Tuesday, September 16, 2014

Oh, about Scotland

While I'm here, there is one thing about the Scottish referendum that has been properly bugging me. Rachel Sylvester's article in the Times today is more or less a perfect illustration of it, while Polly Toynbee gives another cracking example. That thing is the idea that, if Scotland votes Yes to independence on Thursday, this will be all David Cameron's fault. For extra points, Sylvester accuses Cameron of arrogantly ignoring the wisdom of women:
The prime minister’s naive short-termism and arrogant refusal to listen to women will come back to haunt him


This is because he didn't listen to complaints that the No campaign sounds "like a man whose wife is leaving him, but instead of trying to win her back by talking about all the wonderful things they have done together, and telling her how much he loves her, he is shouting about how she won’t get any money or see the children if they get divorced.” Well, here's the thing. David Cameron doesn't run the No campaign. He doesn't run it because it was agreed by all Unionist players that an English Tory Prime Minister wasn't the best choice to persuade a country that returned one Tory MP in 2010 that independence was a bad idea.
 
Equally, the idea that:
Although Labour must share some of the responsibility, it is the prime minister who should shoulder most of the blame. It was he who caved in to the SNP leader over the date of the referendum, giving the independence cause time to build momentum, and it was he who refused to include a third compromise option on the ballot paper, offering the “devo-max” option that he has now been forced to concede.
Is mostly nonsense too. After the SNP won a majority in 2011, a referendum was inevitable. The timing of it was fairly irrelevant - as demonstrated by the fact that the polls only started to move as the actual date approached. ANd the idea that there ought to have been 3 options on the paper is ridiculous - what would have happened if the results had been 35% Yes, 34% No, and 31% Devo Max? Independence?

And why should the Prime Minister shoulder the blame for the conduct of a campaign led by Labour? The principal faces of the No campaign (Darling, Murphy, Brown) are Labour, the grassroots campaigners were supposed to be recruited by Labour - the party with the most to lose from independence is Labour. Cameron has done his bit (and his speeches are among the few memorable ones from the No camp) but ultimately he has had to take a back seat in this. Blaming him for this now is a smokescreen to hide the real culprits.

This is rubbish too:

Even if there’s a ‘no’ vote, Cameron has ended up giving away the keys to the kingdom on the basis of one opinion poll,” says a senior backbencher. “That is just wrong.

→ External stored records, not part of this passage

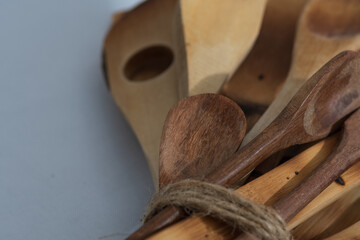 rustic wooden utensils for home cooking at home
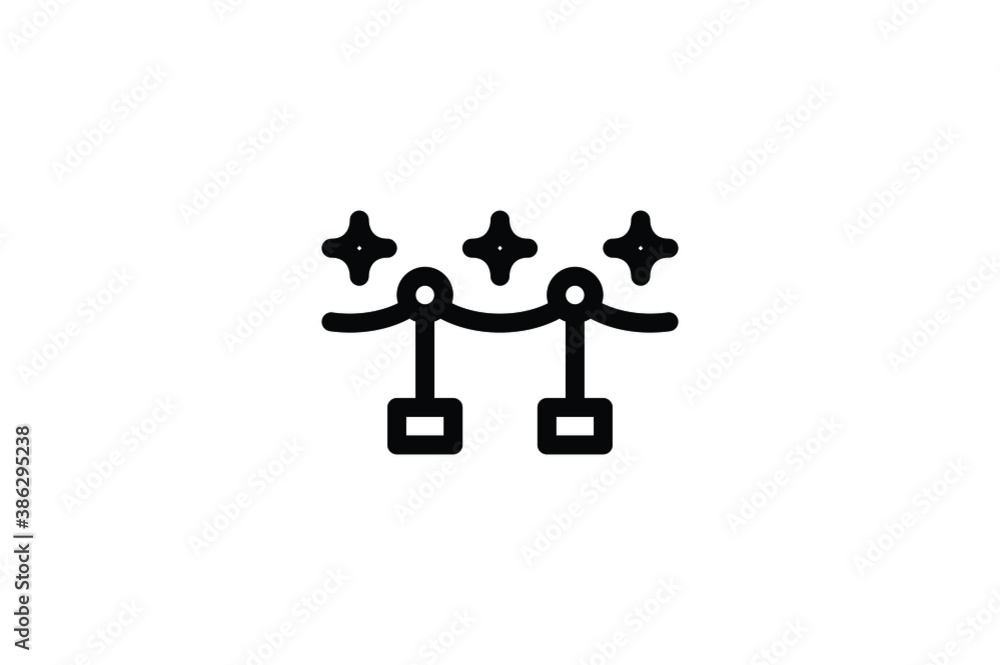 Carnival Outline Icon - Rope Barrier Carnival Outline Icon - Rope Barrier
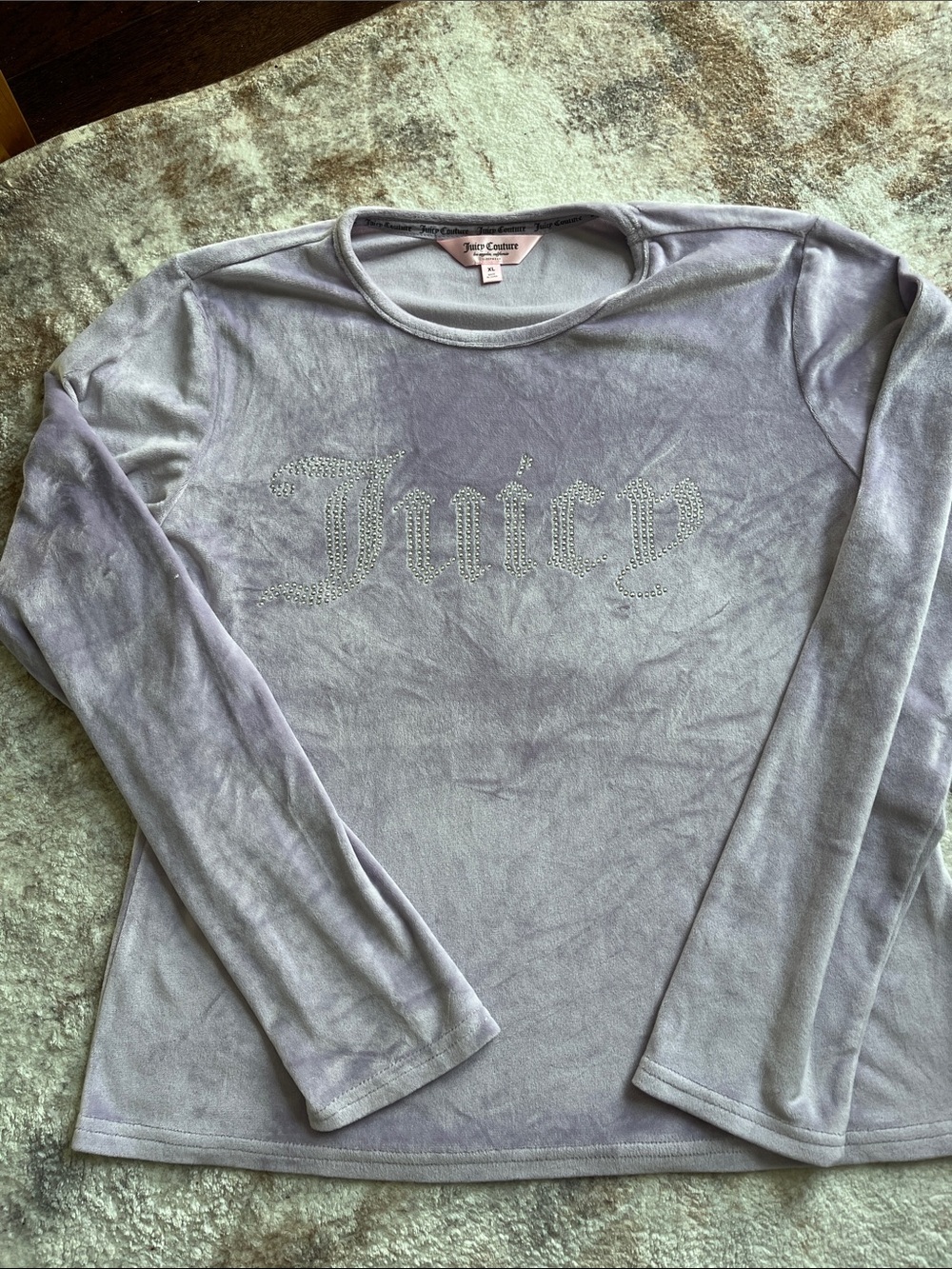 Juicy Couture Light Lavender Velour Rhinestone Logo Top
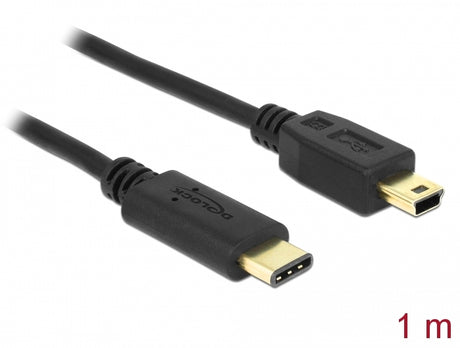 Delock 83603 Cable Usb Type-C™ 2.0 Male > Usb 2.0 Type Mini-B Male 1.0 M Black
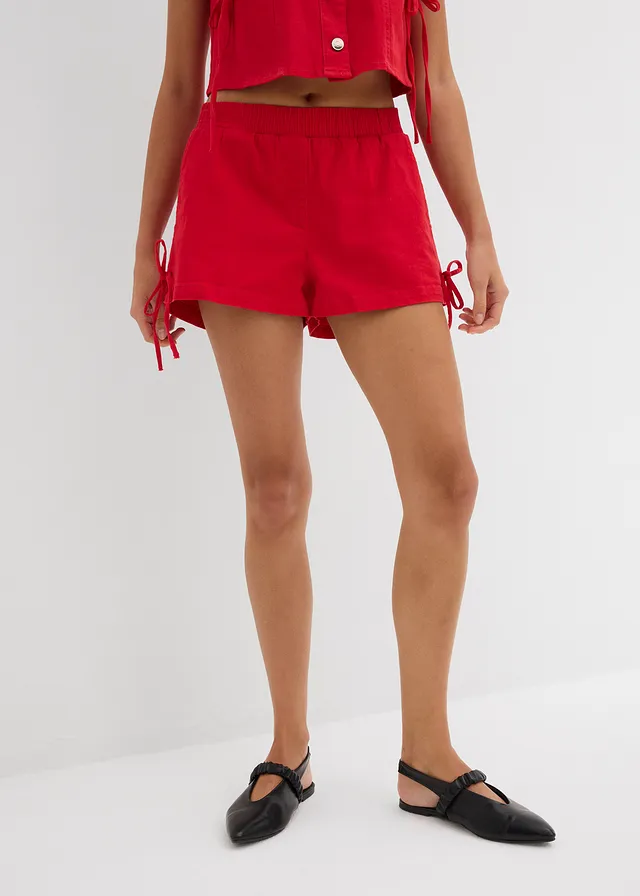 Instapshort in een elastische katoenmix • tomatenrood • product-page.page-title-suffix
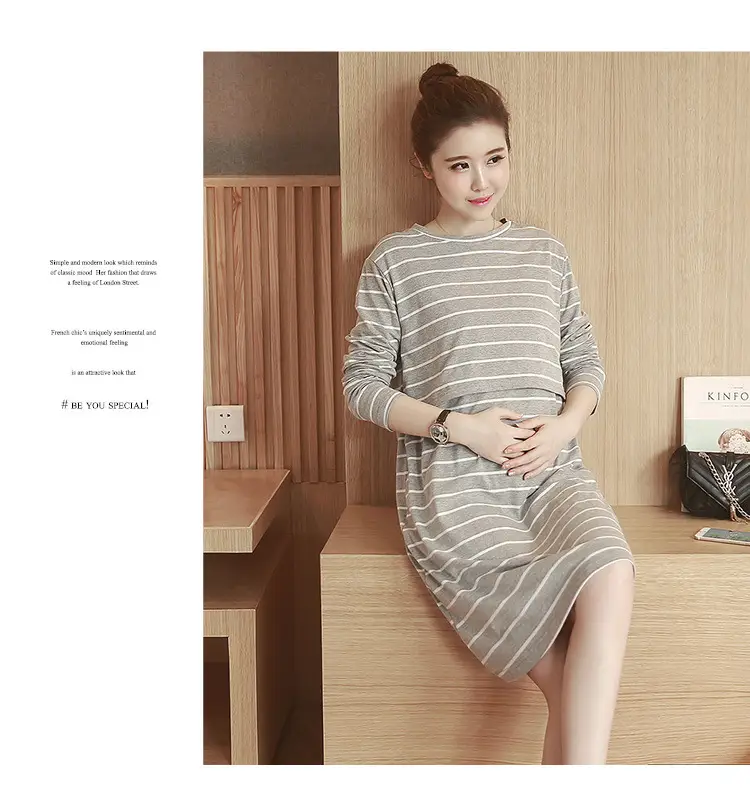 Maternity Striped Nursing Dress Spring Autumn — feature 17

The whole attitude has been ‘let’s get through today and worry about the details later’.”
I'm guessing this "senior backbencher" hasn't bothered reading the Strathclyde Commission Report, or realised that the Tories pledged precisely the further devolution that is being decried as last-minute and panicky back in June following the Report's publication. Fiscal devolution is a quintessentially Conservative position, and was already part of manifesto plans.

Christ, but the childish lack of discipline from the Tory back benches annoys me.